Mr O'Loughlin said the DPP decides what charges to bring, and that she had the choice of several charges under the Public Order Act, including breach of peace, failure to disperse and obstructing traffic.

He submitted that by bringing a charge of false imprisonment against his client, the DPP “hasn't picked an offence that can be proved”. There was “no evidence, good, bad or indifferent” that his client committed an offence of false imprisonment, he said.

He said what happened to Joan Burton was “unpleasant” but that the case against the accused was a “storm in a teacup”.

"Maybe the reason for that was there were 250 to 300 people there and the sheer volume of people made it impossible for the cars to move,” he said.

Mr O'Loughlin said there was no evidence at all that at any time during that afternoon did Mr Banks decide, 'I don't care anymore. I'm not letting these women leave'.

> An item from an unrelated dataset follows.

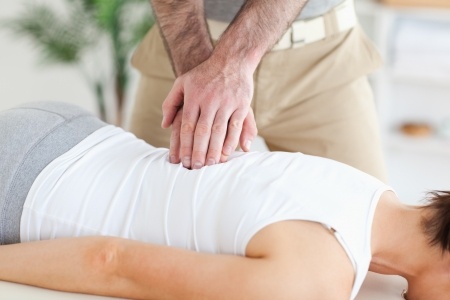 Brooksville Chiropractor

“Nobody was to blame unless everybody was to blame including bystanders,” he said. “The whole thing was unfortunate but there is no evidence Michael Banks was to blame.”

He urged the jury to find his client not guilty of the charges against him.

Paul Murphy of Kingswood Heights, Tallaght; Kieran Mahon of Bolbrook Grove, Tallaght; Michael Murphy of Whitechurch Way, Ballyboden, Dublin; Frank Donaghy of Alpine Rise, Tallaght; Michael Banks (46) of Brookview Green, Tallaght and Scott Masterson of Carrigmore Drive, Tallaght have all denied the charges.